J’ai vu aussi qu’une autre BD allait sortir, Un petit livre oublié sur le banc, c’était un nouveau projet ?
Celui-ci, il est dessiné par Mig. Je l’ai écrit en parallèle d’Une Nuit à Rome. J’arrive à mener deux projets de front en écriture s’ils ne sont pas liés entre eux. J’ai été inspiré par quelqu’un que je connaissais. Quand il finit un livre, il ne veut pas le laisser enfermé dans sa bibliothèque, alors il écrit un mot dedans et laisse le livre sur un banc. J’ai imaginé l’histoire de quelqu’un qui trouve ce livre, y inscrit un nouveau mot et le laisse à son tour sur un banc. Le livre disparaît et un lien se noue avec un inconnu. Je trouvais intéressante l’idée qu’on puisse chercher cet inconnu. C’est un contrepied à l’ère numérique. Là, c’est l’histoire d’un livre papier. Ce n’est plus un mail qu’on envoie, mais un objet qu’on dépose. Il s’agit d’une rupture réelle par rapport à notre quotidien informatisé.

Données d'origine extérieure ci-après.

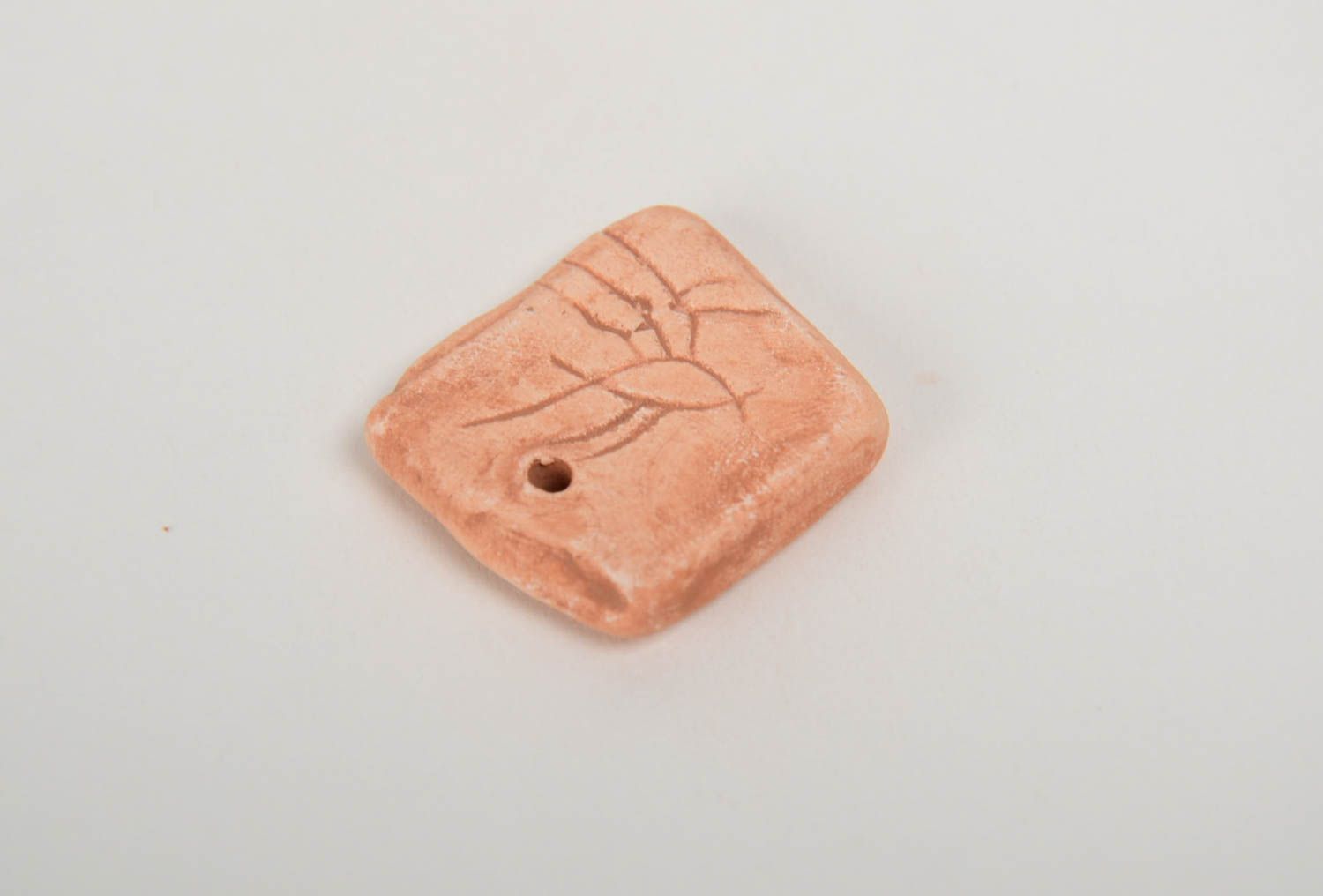 Handmade square DIY clay blank pendant square beige designer jewelry  photo 3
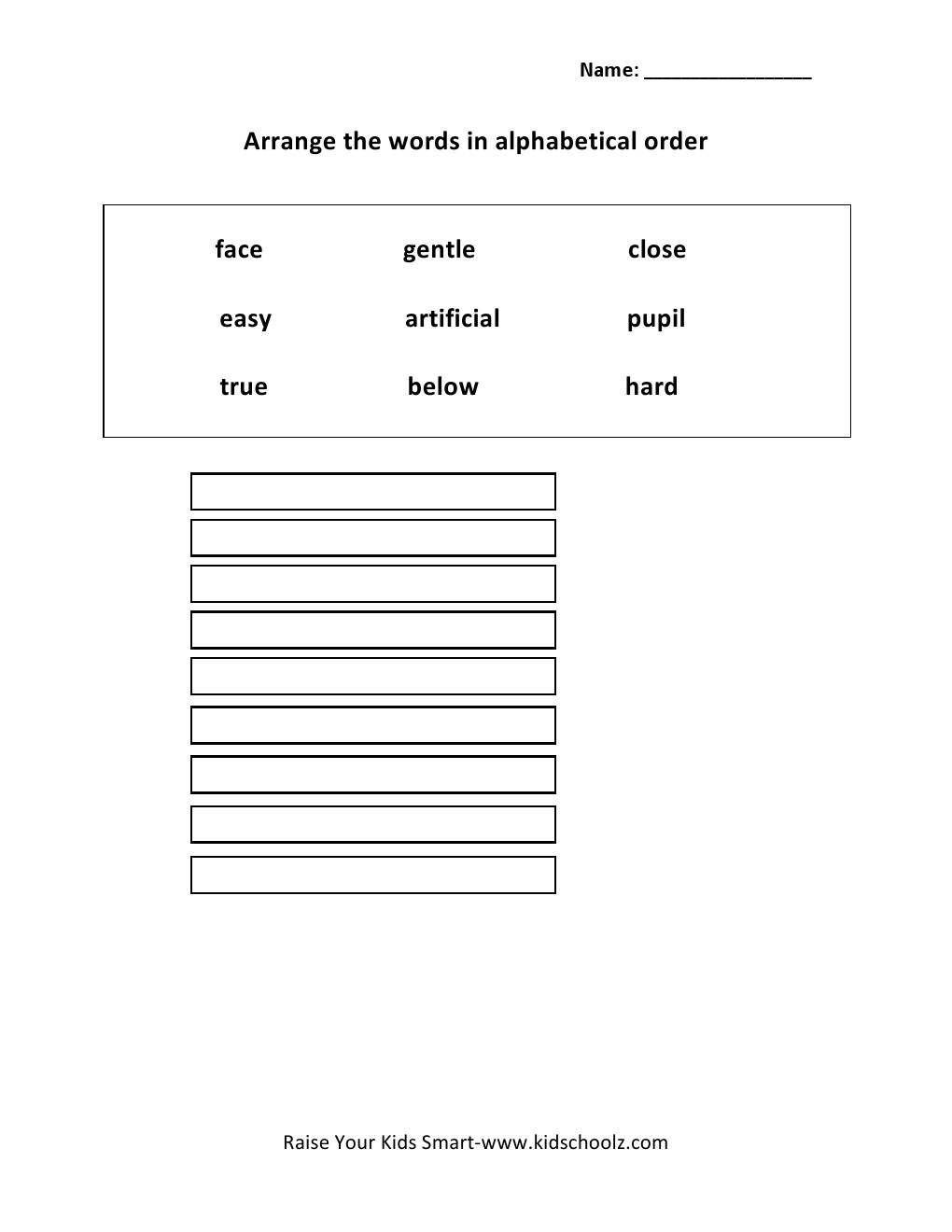 Grade 4 - Alphabetical Order Worksheet
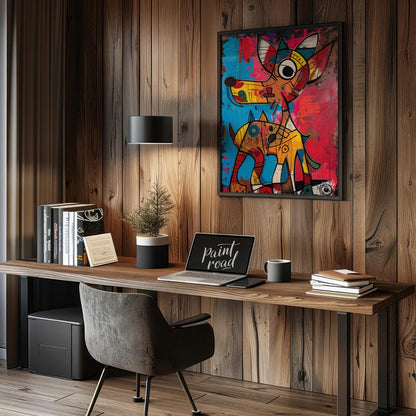 This highly expressive and abstract painting features two stylized dog figures rendered with a raw,… for office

Un petit livre oublié sur le banc sera, je l’espère, une BD pour les amoureux des livres, sur les mots, un jeu de piste, une sorte de comédie romantique sur un message laissé entre les lignes...
Merci beaucoup, Jim, pour votre disponibilité et vos réponses.
Ce fut un vrai plaisir. Merci pour la pertinence de ces questions ! Et à bientôt, j’espère.
Cette interview fut un réel plaisir, et une très belle occasion d’écouter un auteur nous parler non seulement de son univers, mais aussi de son mode de travail.